Justinian still groaned every now and then, his toes or fingers twitching as he slowly asphyxiated, his body trying and failing to heal his taxed lungs. His wings had already been cut off. Left on the marble floor beneath him.
Viktoria, her essence invisible within that glass box, was forced to watch. To endure Justinian’s blood dripping on the lid of her container.
Hunt had sat on the small cot and watched every second of what had been done to them. How Viktoria had screamed while Micah ripped her from that body she’d been trapped in for so long. How Justinian had fought, even as they held down his brutalized body on the crucifix, even as the iron spikes went into him. Even as they raised the crucifix, and he’d begun screaming at the pain.
A door clanged open down the hallway. Hunt didn’t rise from the cot to see who approached.
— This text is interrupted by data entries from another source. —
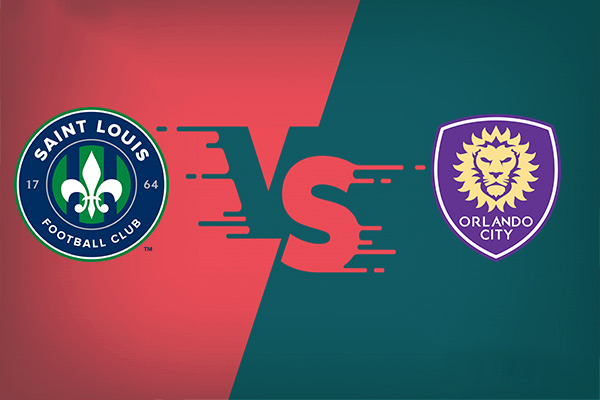 Saint Louis vs Orlando City nhận định kết quả vào 07h40 26/06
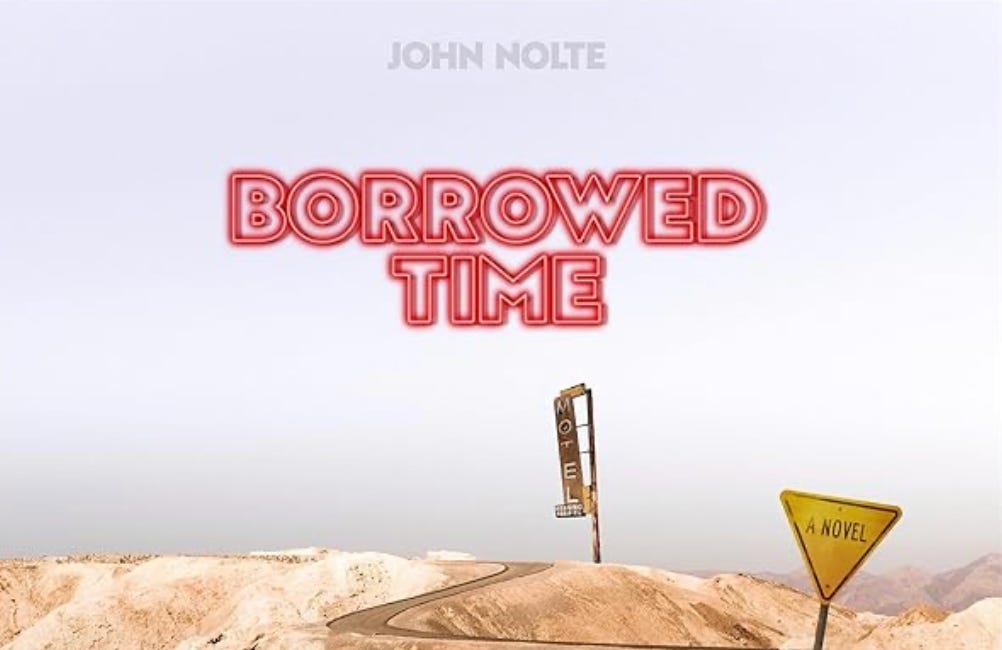Book Review: Borrowed Time, An American Masterpiece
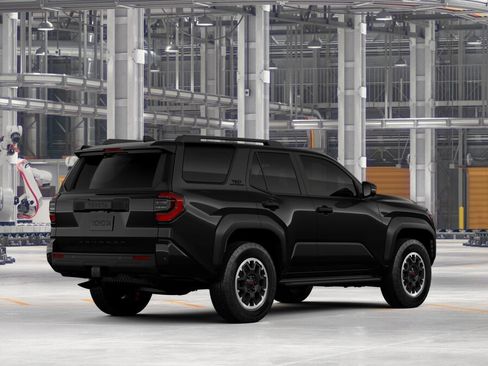 New 2026 Toyota 4Runner 4WD image 10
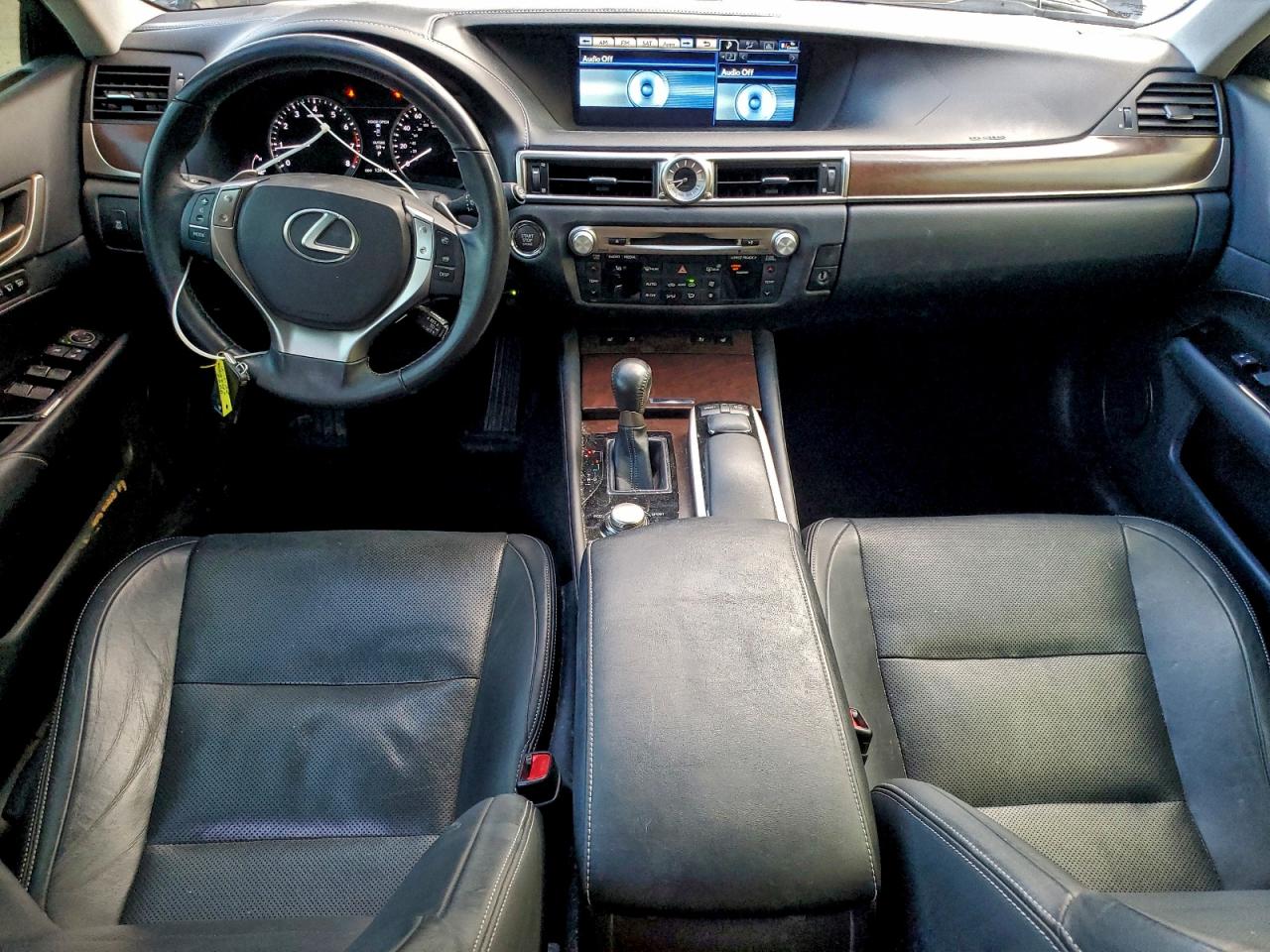 2013 LEXUS GS 350 photo 29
The wound on his temple had healed, but he hadn’t bothered to wash away the blood streaking down his cheek and jaw.
The footsteps down the hall were steady, unhurried. Isaiah.
Hunt remained seated as his old companion paused before the bars.
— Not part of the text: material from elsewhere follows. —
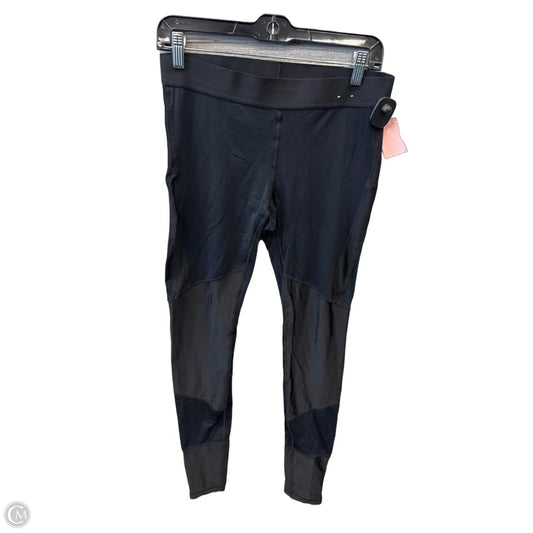 Athletic Leggings By Gapfit In Black, Size: M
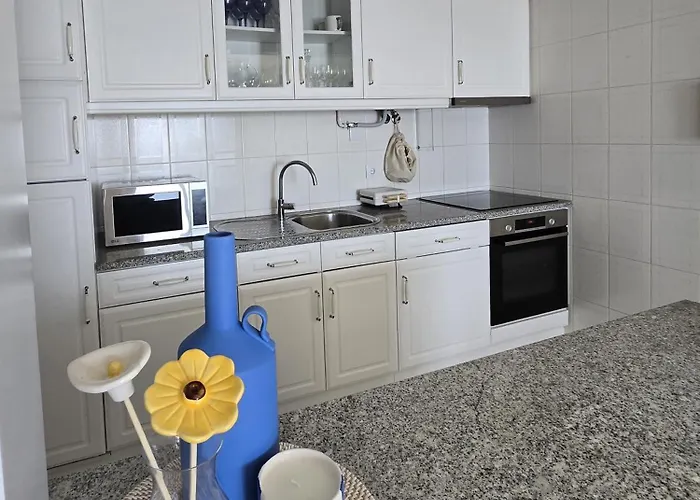 Azulmaris - Direkt Am In Chã - Terrasse Und Meerblick *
“Why.” There was nothing charming, nothing warm on the handsome face. Just anger, exhaustion, and fear.
Hunt said, aware of every camera and not caring, “Because it has to stop at some point.”
“It stops when you’re dead. When everyone we love is dead.” Isaiah pointed to the screen behind him, to Justinian’s ravaged body and Viktoria’s blood-soaked box. “Does this make you feel like you’re on the right path, Hunt? Was this worth it?”
When he’d gotten Justinian’s message that the deal was going down, as he climbed into bed, he’d realized it wasn’t worth it. Not even with the medwitch’s antidote. Not after these weeks with Bryce. Not after what they’d done on that couch. But Hunt said, because it was still true, “Nothing’s changed since Mount Hermon, Isaiah. Nothing has gotten better.”
“How long have you three been planning this shit?”
“Since I killed those three drug lords. Since they told me about the synth and what it could do. Since they told me what kind of power it gave Danika Fendyr when she took it in the right doses. We decided it was time. No more fucking bargains with Micah. No more deaths for deaths. Just the ones we choose.”
The three of them had known there was one place, one person, who might get the synth. He’d paid the Viper Queen a private visit a few days ago. Had found her in her den of poisons and told her what he wanted. Vik had the gold, thanks to the paychecks she’d saved up for centuries.
It hadn’t occurred to him that the snake would be in the Archangel’s pocket. Or looking for a way into it.
Isaiah shook his head. “And you thought that you, you and Vik and Justinian and whatever idiots would follow you, could take the synth and do what? Kill Micah? Sandriel? All of them?”
“That was the idea.” They’d planned to do it at the Summit. And afterward, they’d make their way to Pangera. To the Eternal City. And finish what was started so long ago.
“What if it turned on you—what if you took too much and ripped yourself to shreds instead?”
“I was working on getting my hands on an antidote.” Hunt shrugged. “But I’ve already confessed to everything, so spare me the interrogation.”
Isaiah banged a hand on the cell bars. Wind howled in the corridor around him. “You couldn’t have let it go, couldn’t serve and prove yourself and—”
“I tried to stop it, for fuck’s sake. I was on that barge because I realized …” He shook his head. “It makes no difference at this point. But I did try. I saw that footage of what it really did to someone who took it, and even with an antidote, it was too fucking dangerous. But Justinian and Vik refused to quit. By the time Vik gave the Viper Queen the gold, I just wanted us to go our separate ways.”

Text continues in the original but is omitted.